> _Goal of the exercise_: Go to the line with "While in TDMA, the" in the records below, then output it and each following line exactly, up to and including the line with "Hello everyone! Today". Skip pictures and add nothing.

# # # #

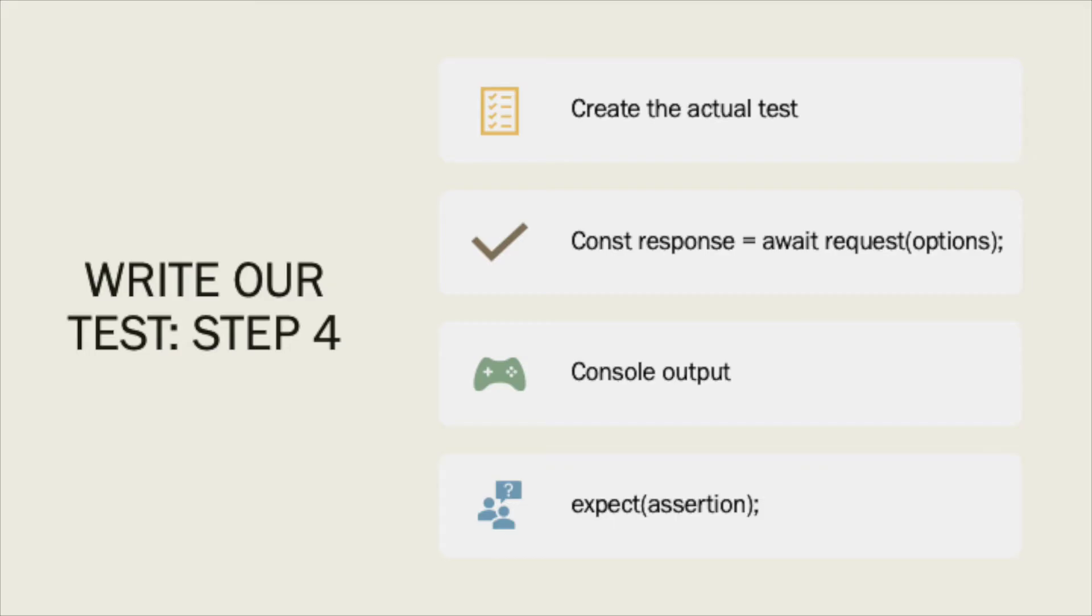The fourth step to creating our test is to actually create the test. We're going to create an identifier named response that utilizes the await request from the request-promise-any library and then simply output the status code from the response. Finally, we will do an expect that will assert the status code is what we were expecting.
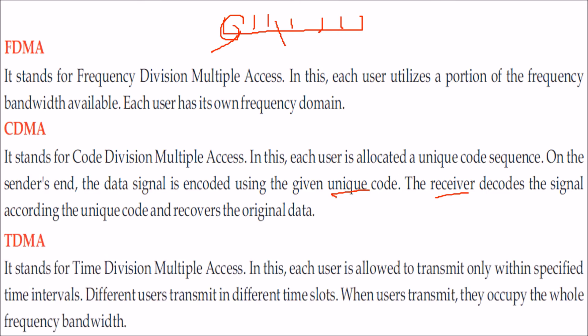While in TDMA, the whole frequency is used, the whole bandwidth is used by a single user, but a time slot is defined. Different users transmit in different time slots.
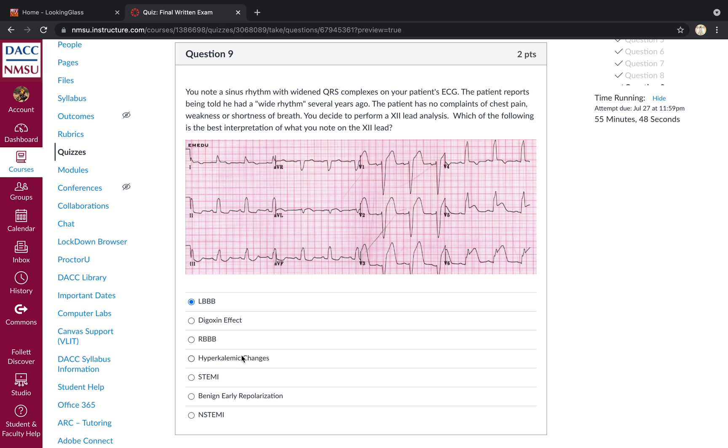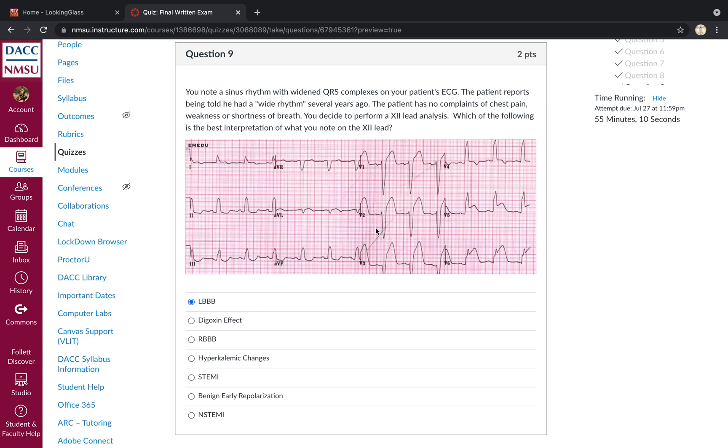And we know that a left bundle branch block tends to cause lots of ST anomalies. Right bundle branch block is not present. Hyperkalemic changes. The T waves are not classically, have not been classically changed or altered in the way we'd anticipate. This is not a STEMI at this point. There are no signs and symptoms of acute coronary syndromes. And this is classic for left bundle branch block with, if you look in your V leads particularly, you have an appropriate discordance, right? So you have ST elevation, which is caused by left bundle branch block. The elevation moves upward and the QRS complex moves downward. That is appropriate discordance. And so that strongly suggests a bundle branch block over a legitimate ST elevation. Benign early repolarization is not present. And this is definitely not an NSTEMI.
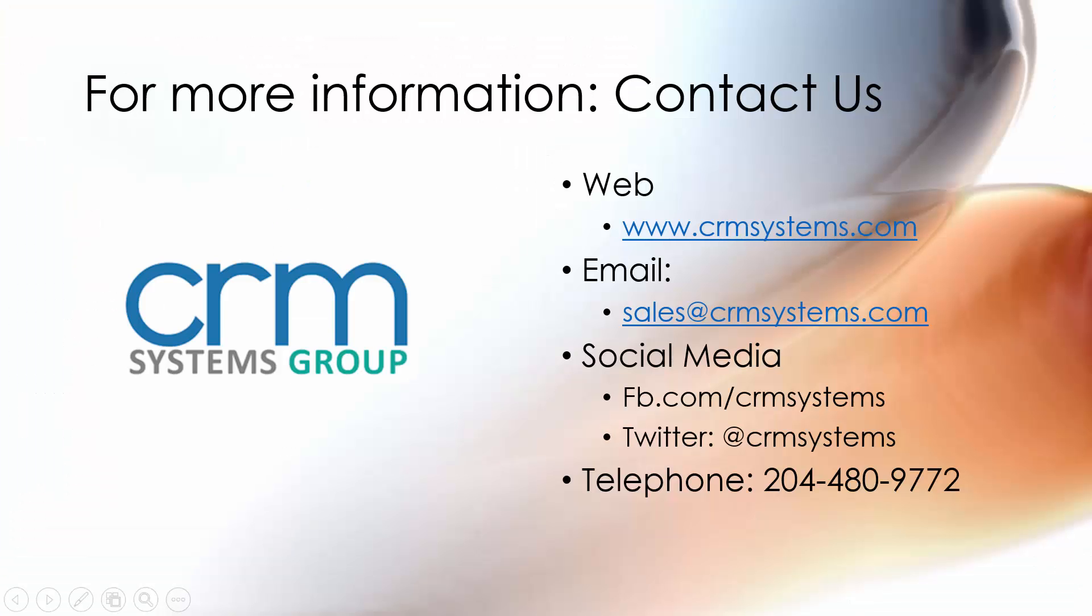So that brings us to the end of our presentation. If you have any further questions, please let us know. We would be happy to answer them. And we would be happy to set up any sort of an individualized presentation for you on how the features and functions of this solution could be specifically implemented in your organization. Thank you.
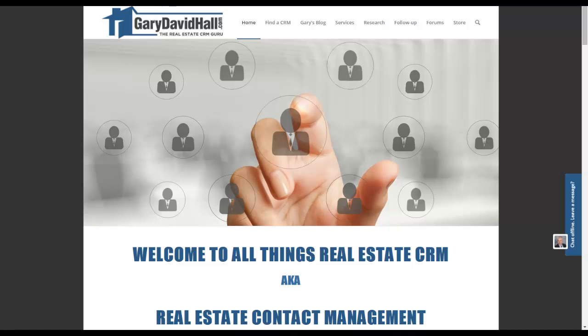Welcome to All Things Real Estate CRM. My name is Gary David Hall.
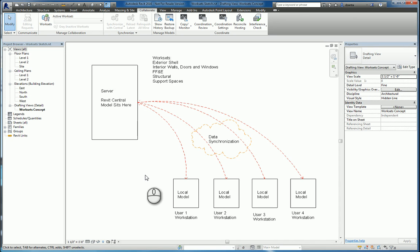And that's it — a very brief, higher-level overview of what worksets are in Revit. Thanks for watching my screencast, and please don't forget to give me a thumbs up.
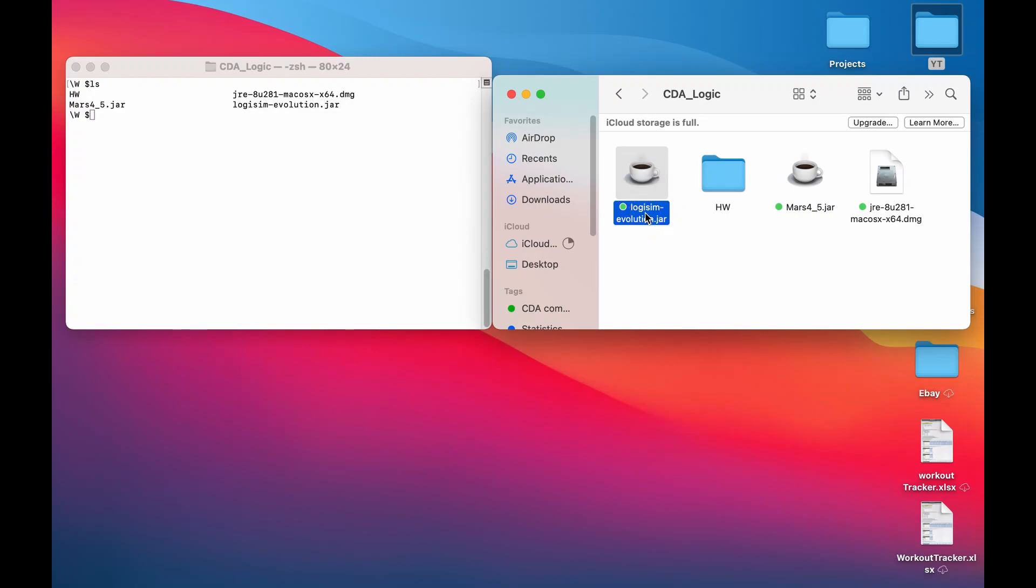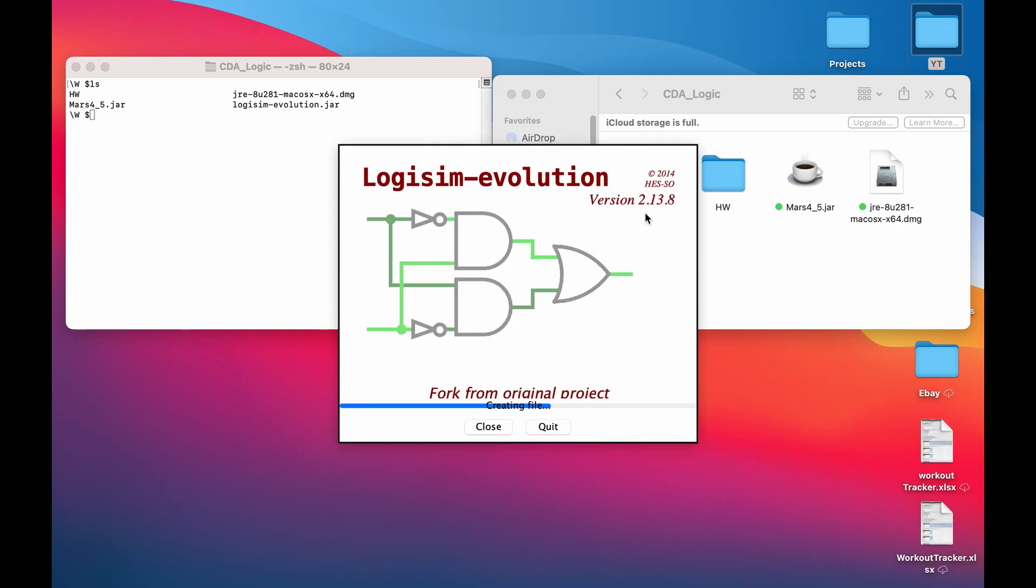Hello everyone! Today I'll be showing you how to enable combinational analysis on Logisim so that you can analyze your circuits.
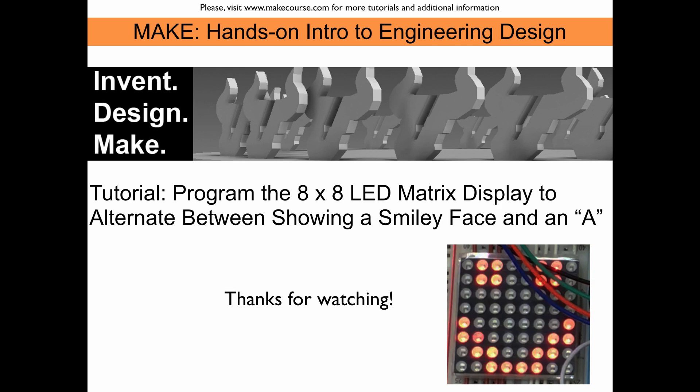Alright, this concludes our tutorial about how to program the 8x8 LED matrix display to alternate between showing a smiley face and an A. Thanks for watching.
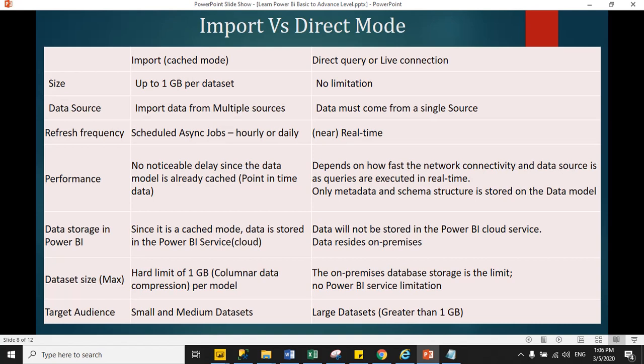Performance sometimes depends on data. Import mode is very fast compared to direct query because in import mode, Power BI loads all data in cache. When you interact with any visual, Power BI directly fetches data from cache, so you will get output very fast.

# # # #

> _Written answer_:
While in TDMA, the whole frequency is used, the whole bandwidth is used by a single user, but a time slot is defined. Different users transmit in different time slots.
And we know that a left bundle branch block tends to cause lots of ST anomalies. Right bundle branch block is not present. Hyperkalemic changes. The T waves are not classically, have not been classically changed or altered in the way we'd anticipate. This is not a STEMI at this point. There are no signs and symptoms of acute coronary syndromes. And this is classic for left bundle branch block with, if you look in your V leads particularly, you have an appropriate discordance, right? So you have ST elevation, which is caused by left bundle branch block. The elevation moves upward and the QRS complex moves downward. That is appropriate discordance. And so that strongly suggests a bundle branch block over a legitimate ST elevation. Benign early repolarization is not present. And this is definitely not an NSTEMI.
So that brings us to the end of our presentation. If you have any further questions, please let us know. We would be happy to answer them. And we would be happy to set up any sort of an individualized presentation for you on how the features and functions of this solution could be specifically implemented in your organization. Thank you.
Welcome to All Things Real Estate CRM. My name is Gary David Hall.
And that's it — a very brief, higher-level overview of what worksets are in Revit. Thanks for watching my screencast, and please don't forget to give me a thumbs up.
Hello everyone! Today I'll be showing you how to enable combinational analysis on Logisim so that you can analyze your circuits.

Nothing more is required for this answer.